Operating experience indicates that degraded SG tubes usually, but not always, exhibit leak before break behavior. Between 1975 and 2000, there were 188 unplanned or forced plant shutdowns in the U.S. due to SG tube leakage. These unplanned shutdowns typically involved maximum leak rates ranging from 50 to 1000 gpd. Only eight of these shutdowns (including IP2 in 2000) involved a tube rupture or failure event with leak rates exceeding 100 gpm.

Effective leakage monitoring in conjunction with implementation of appropriate leakage limits has proven to be an effective approach for minimizing the incidence of tube failure and for providing added assurance of tube integrity. The current trend in the industry to adopt more

and more restrictive administrative leakage limits such as those in place at IP2 which will further enhance their effectiveness in preventing tube ruptures. However, these programs can never provide complete assurance against tube rupture even if the leakage limits are reduced to zero.

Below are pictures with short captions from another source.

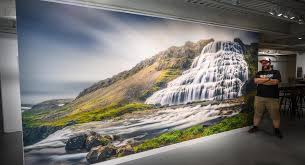 Check spelling or type a new query. Mural Print Custom Wall Murals Wall Printing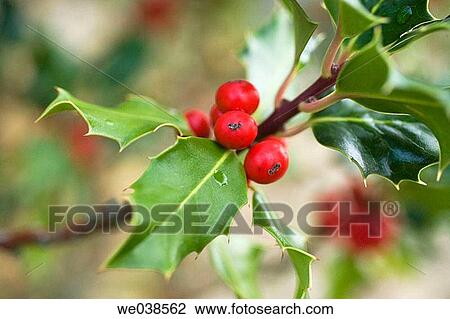 Holly (Ilex aquifolium). Gorbea Natural Park, Alava, Euskadi, Spain View Large Photo Image Stock Image - Holly (Ilex aquifolium). Gorbea Natural Park, Alava, Euskadi, Spain. Fotosearch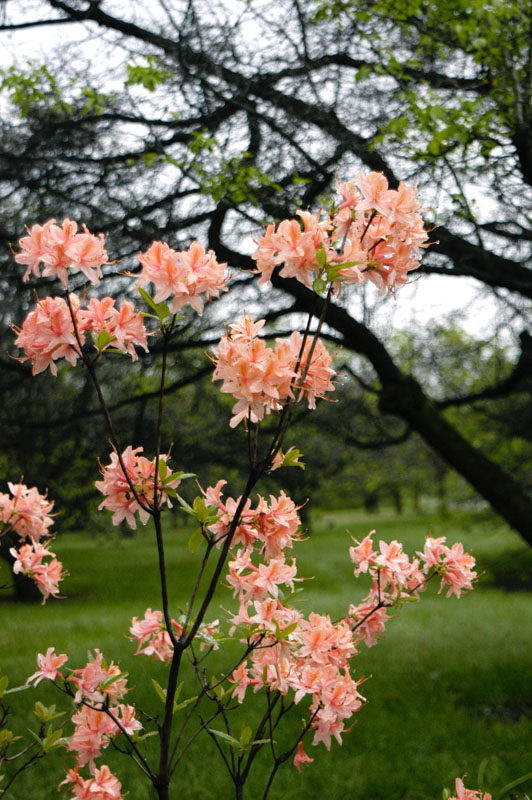 104-JardinBotaniqueMontreal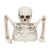 Groundbreaker Skelett 20cm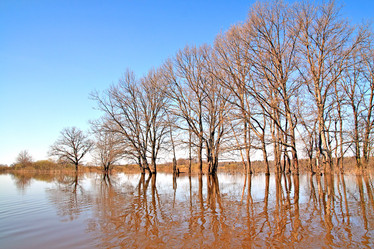 Similar image 502075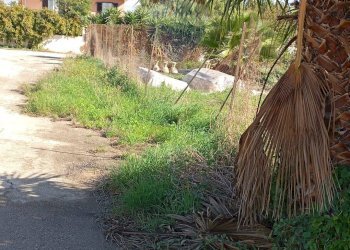 Giardino - Terreno edificabile Cerasella, Ragusa - foto 5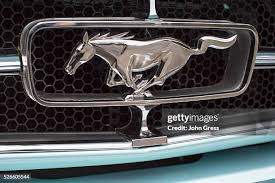 Image result for Skylight Blue 1964 Mustang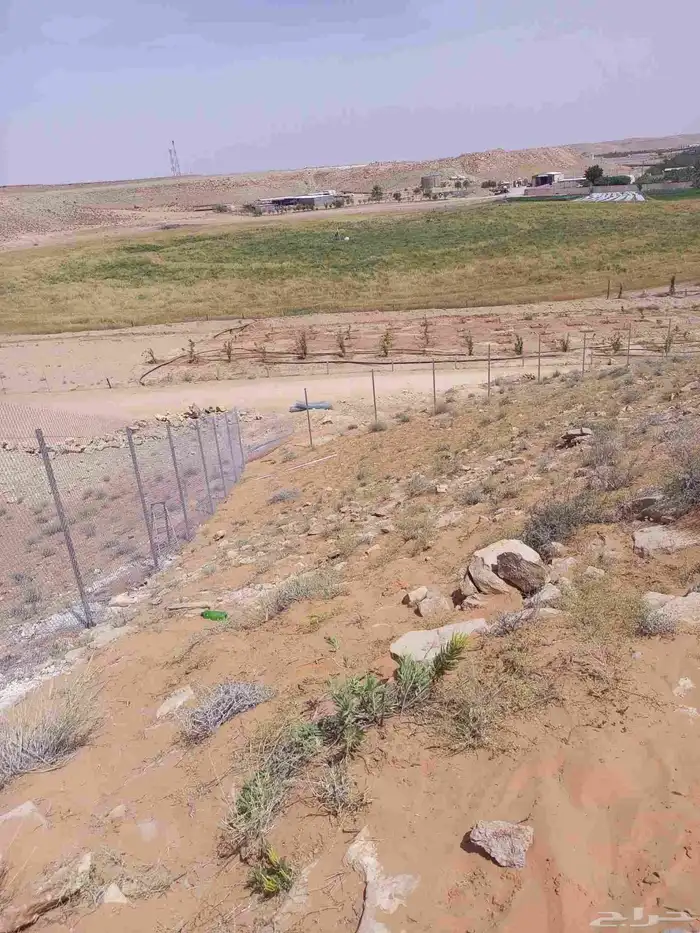 اعمال شبوك عمل شبك 2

This is evidenced by the fact that two of eight tube failures in the U.S. occurred without precursor leakage prior to the event.

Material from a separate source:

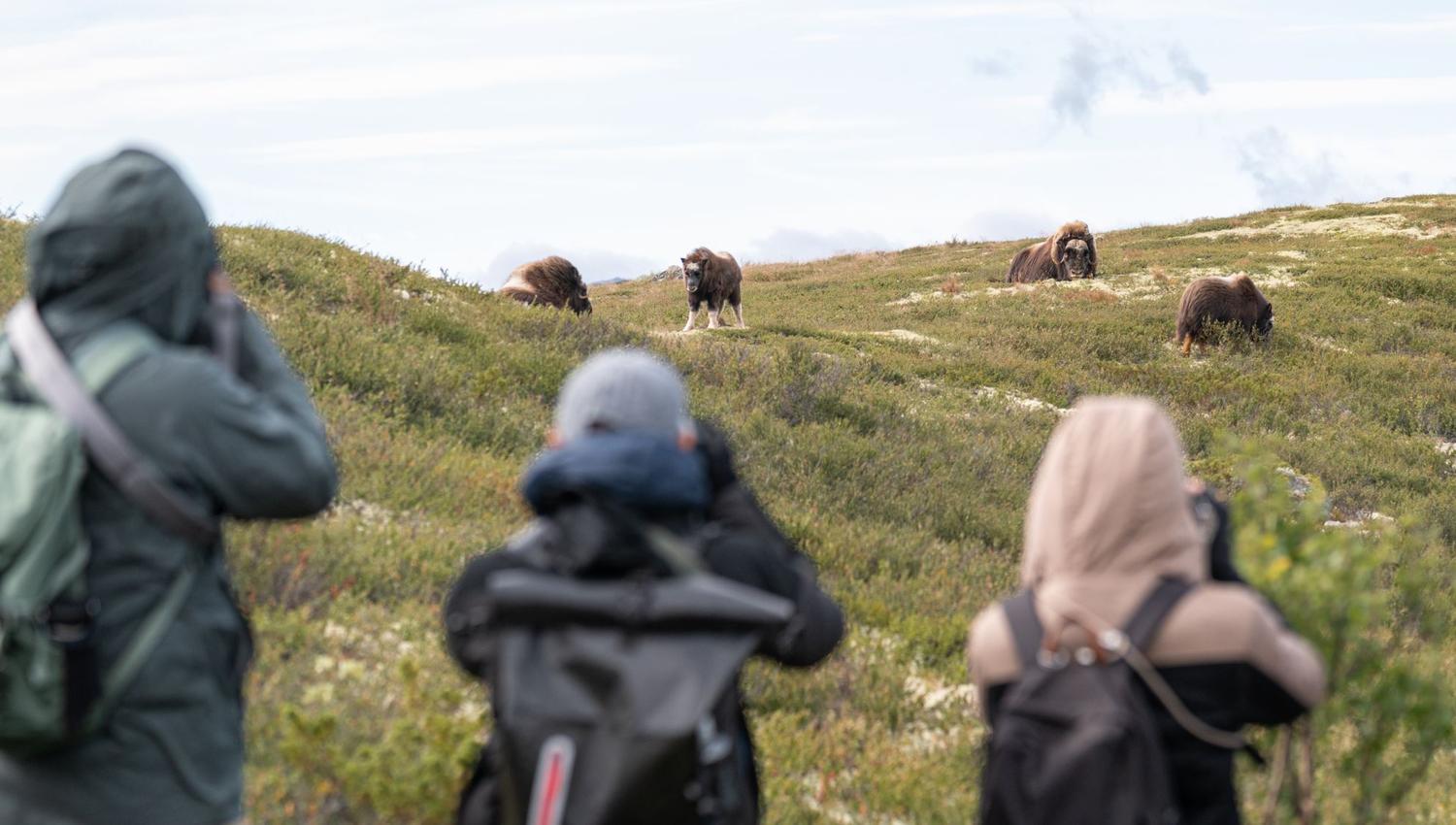 Musk Ox Safari - Public tour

5.0 ENVIRONMENTAL CONSIDERATION

The amendment changes a requirement with respect to installation or use of a facility component located within the restricted area as defined in Title 10 of the Code of Federal Regulations (10 CFR), Part 20. The NRC staff has determined that the amendment involves no significant increase in the amounts, and no significant change in the types, of any effluents that may be released offsite, and that there is no significant increase in individual or cumulative occupational radiation exposure. The Commission has previously issued a proposed finding that the amendment involves no significant hazards consideration, and there has been no public comment on such finding (68 FR 68663). Accordingly, the amendment meets the eligibility criteria for categorical exclusion set forth in 10 CFR 51.22(c)(9). Pursuant to 10 CFR 51.22(b) no environmental impact statement or environmental assessment need be prepared in connection with the issuance of the amendment.

6.0 CONCLUSION

The Commission has concluded, based on the considerations discussed above that (1) there is reasonable assurance that the health and safety of the public will not be endangered by operation in the proposed manner, (2) such activities will be conducted in compliance with the Commissions regulations, and (3) the issuance of the amendment will not be inimical to the common defense and security or to the health and safety of the public.

7.0 REFERENCES

1. Entergy letter NL-03-165, Proposed Change to Technical Specifications: One-Time Change to the Indian Point 2 Steam Generator Tube Inspection Requirements, dated October 21, 2003. (NRC Accession No. ML032960328).
2. Entergy letter NL-04-033, Response to NRC Request for Additional Information Re:

Proposed Change to Technical Specifications: One-Time Change to the Indian Point 2 Steam Generator Tube Inspection Requirements, dated March 31, 2004. (NRC Accession No. ML040930142).

3. Entergy letter NL-02-161, Steam Generator Inservice Examination Program Results 2002 Refueling Outage (2R15), dated December 19, 2002. (NRC Accession No. ML023580031).
4. NUREG-1431, Volume 1, Revision 2, Standard Technical Specifications Westinghouse Plants, June 2001.
5. NUREG-1771, U.S. Operating Experience with Thermally Treated Alloy 600 Steam Generator Tubes, April 2003.
6. Entergy letter NL-02-112, Proposed Steam Generator Examination Program - 2002 Refueling Outage (2R15), dated August 21, 2002. (NRC Accession No. ML022390064).